A guide to bitcoin's rise and why some people laud the cryptocurrency and others loathe it
Bitcoin - the story so far
When bitcoin broke into public consciousness in 2013, it couldn’t have been sexier: a digital currency being used to buy everything, even cupcakes. Now there’s a new wave of excitement about an aspect of bitcoin that is a bit less exciting: public online ledgers. Blockchain — the technology used for verifying and recording transactions that’s at the heart of bitcoin — is seen as having the potential to reshape the global financial system and possibly other industries.

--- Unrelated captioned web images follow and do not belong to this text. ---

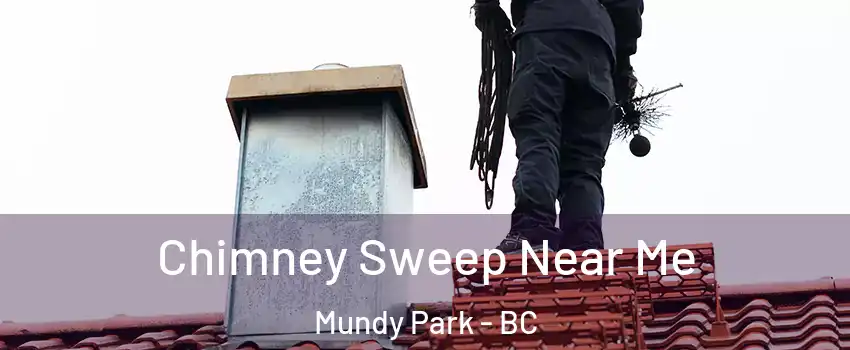  Chimney Sweep Near Me Mundy Park - BC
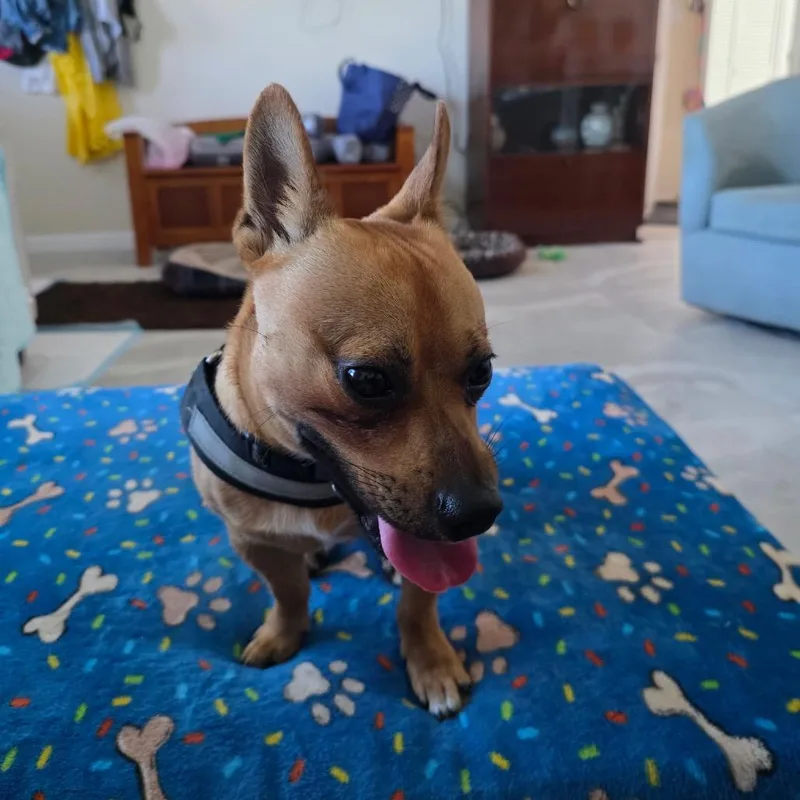 An adult small-sized male Yellow / Tan / Blond / Fawn Chihuahua dog named Charlie for adoption in North Port, FL
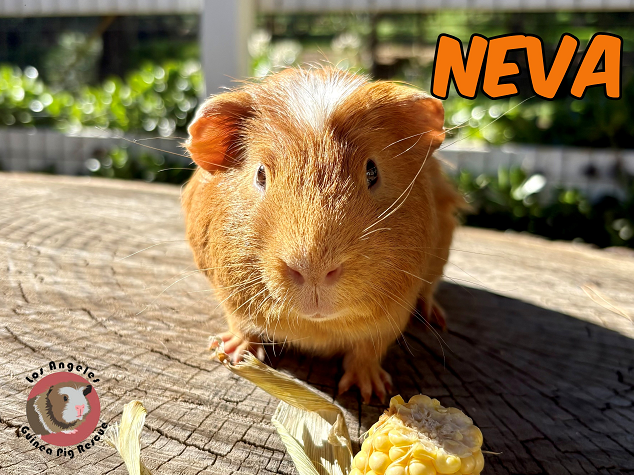 Meet our pig of the day Neva! Neva is one of the boys from the #LA400 that we were thankfully able to pull from the West Valley shelter a few weeks ago. He is a youngster, around a year old, and while he is still a little skittish, he will tame up fast for his new family.
*Note*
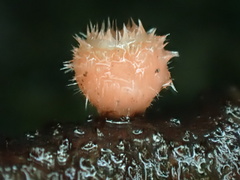 Microstoma floccosum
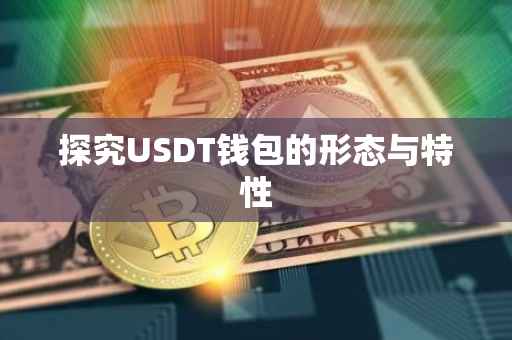 探究USDT钱包的形态与特性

In August, the bitcoin community came together (mostly) over a software change meant to speed transaction times that had threatened a split. After the compromise, called SegWit2 was adopted, the price of bitcoins doubled, though the possibility of another split looms in November. In a setback in September, China was said to have decided to ban trading of bitcoin and other virtual currencies on domestic exchanges. The move came after China outlawed fundraising ventures by new forms of digital currencies in so-called initial coin offerings (ICO). Globally, investors have poured more than $2 billion into ICOs despite warnings from regulators including the US Securities and Exchange Commission. Meanwhile, more than 100 banks including Barclays Bank and JPMorgan Chase have joined the R3 consortium, created to find ways to use blockchain as a decentralised ledger to track money transfers and other transactions. Nasdaq is already using blockchain - with help from startup Chain.com - for trading securities in private companies. The Australian Stock Exchange is working with blockchain startup Digital Asset Holdings to speed up its clearing and settlement services in the cash equities market. Blockchain is also being tested by retailers like Wal-Mart Stores for ensuring food safety, as industries ranging from healthcare to natural-resource management are exploring what advantages the technology might hold over traditional databases.
Virtual currencies aren’t new - online fantasy games have long used them - but the development of a secure digital currency without a central issuer rightly turned heads. The person or people who created the bitcoin system under the pseudonym Satoshi Nakamoto solved a problem central to any currency -preventing counterfeiting - and did it without relying on a government’s authority. The software also solved one specific hurdle for digital money - how to stop users from spending the same unit of currency twice. The breakthrough idea was blockchain, a publicly visible, anonymous online ledger that records every single bitcoin transaction. It’s maintained by a network of bitcoin “miners” whose computers perform the calculations that validate each transaction, preventing double-spending. The miners earn a reward of newly issued bitcoin. The pace of creation is limited, and no more than 21 million will ever be issued.
State of play
Since bitcoin first boomed, there’s been no shortage of critics to call its rise a bubble and to argue that the currency has no intrinsic value. But entrepreneurs in the field say that focusing on the price of bitcoin is missing the point - its value is as proof of concept for a new kind of payment system not reliant on third parties like governments, big banks or credit-card companies. Promising applications of blockchain include moving money abroad, signing contracts, clearing complex financial transactions and as a medium for micro-payments in emerging countries. Others say blockchain advocates are hyping what amounts to no more than a new kind of database. Proponents of ether respond that the etherium blockchain does far more than let bitcoin users send value from one person to another. Its advocates think it could be a universally accessible machine for running businesses, as the technology allows people to do more complex actions in a shared and decentralised manner.